Brief descriptive captions
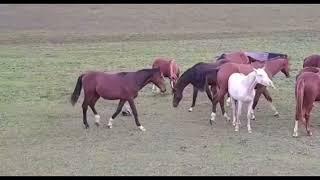 Honey Badger killed by Horse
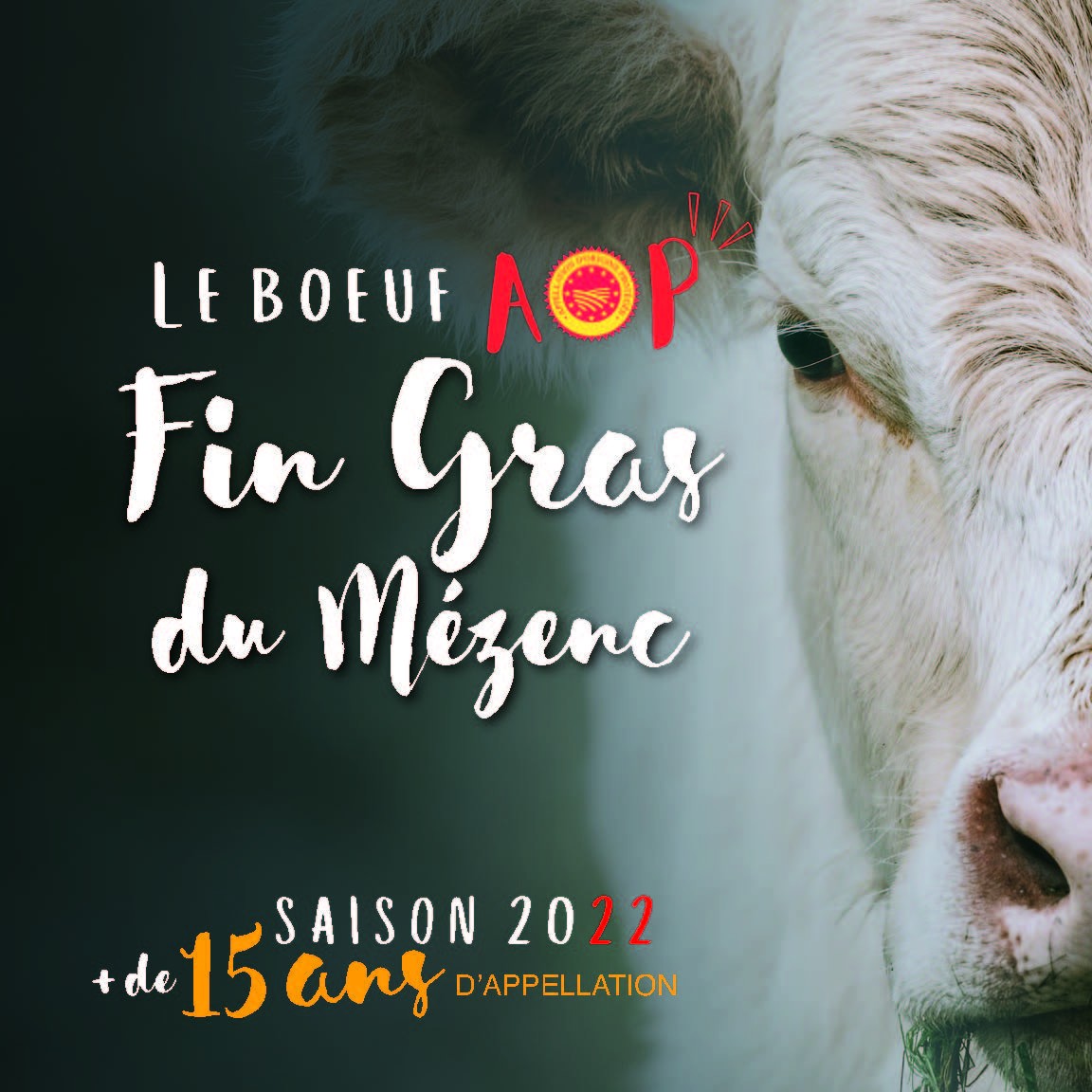 La saison du Fin Gras du Mézenc est lancée !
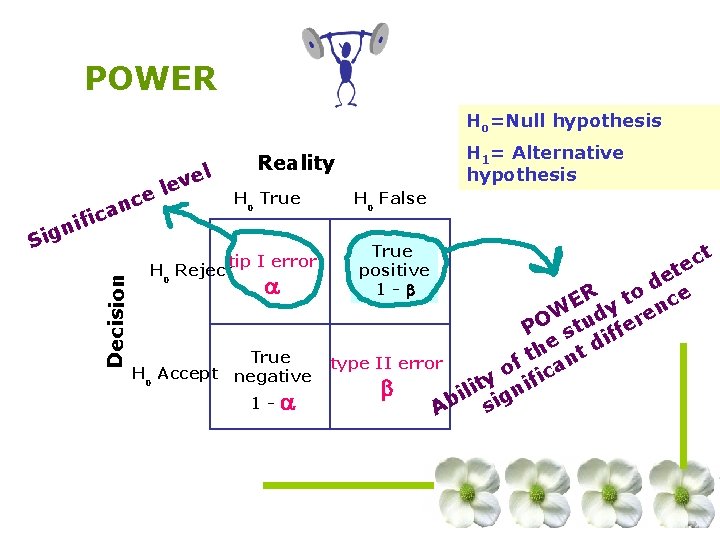 POWER Ho=Null hypothesis ce n ca Decision i if n g Si l e POWER Ho=Null hypothesis ce n ca Decision i if n g Si l e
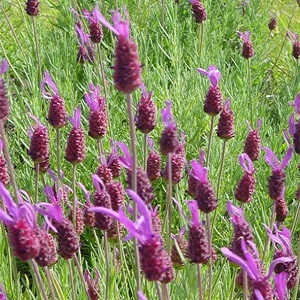 Lavender 'Purple Ribbon' / Dwarf French Lavender / Lavandula stoechas / Seeds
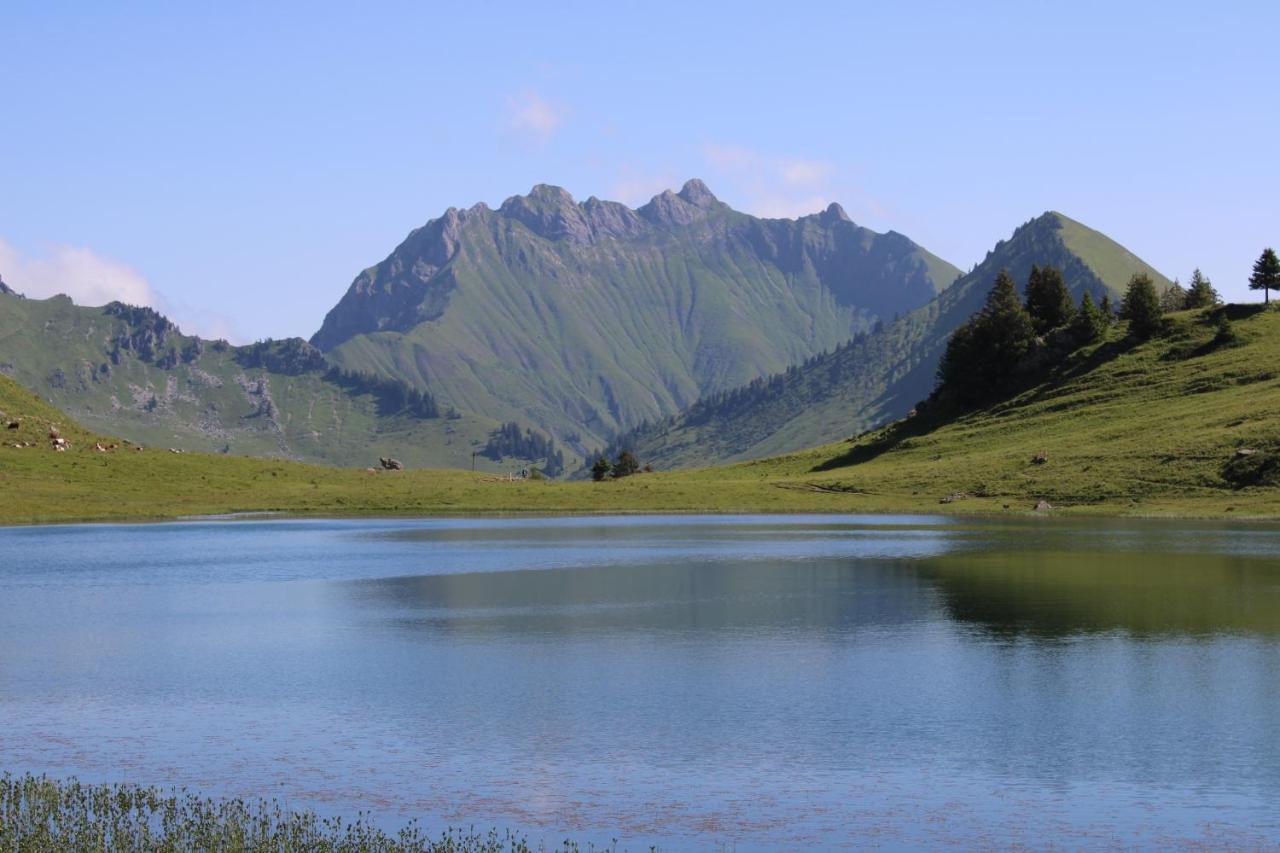 Chalet Hotel Vaccapark Le Praz de Lys Bagian luar foto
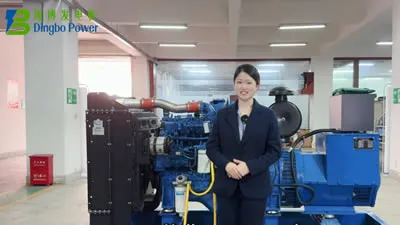 디젤 발전기에 연료, 오일, 냉각수를 추가하는 방법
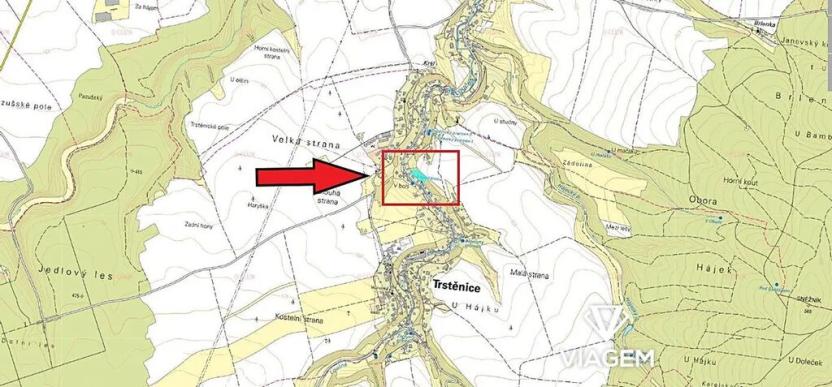 Prodej lesa, Trstěnice, 9612 m2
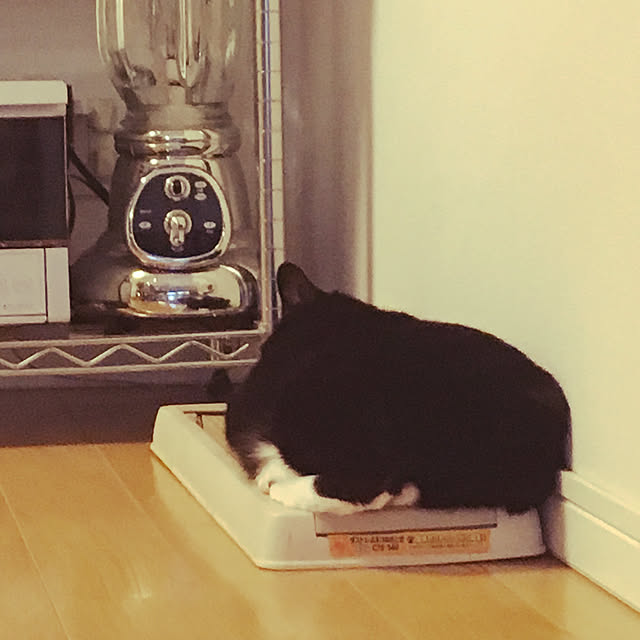 keIgoさんの実例写真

> [WORK REQUEST]
Hand back exactly the lines from the one with "Chalet Hotel Vaccapark" through the last line of the data above, both ends included, with every picture left out.

> [EXERCISE ANSWER]
 Chalet Hotel Vaccapark Le Praz de Lys Bagian luar foto
 디젤 발전기에 연료, 오일, 냉각수를 추가하는 방법
 Prodej lesa, Trstěnice, 9612 m2
 keIgoさんの実例写真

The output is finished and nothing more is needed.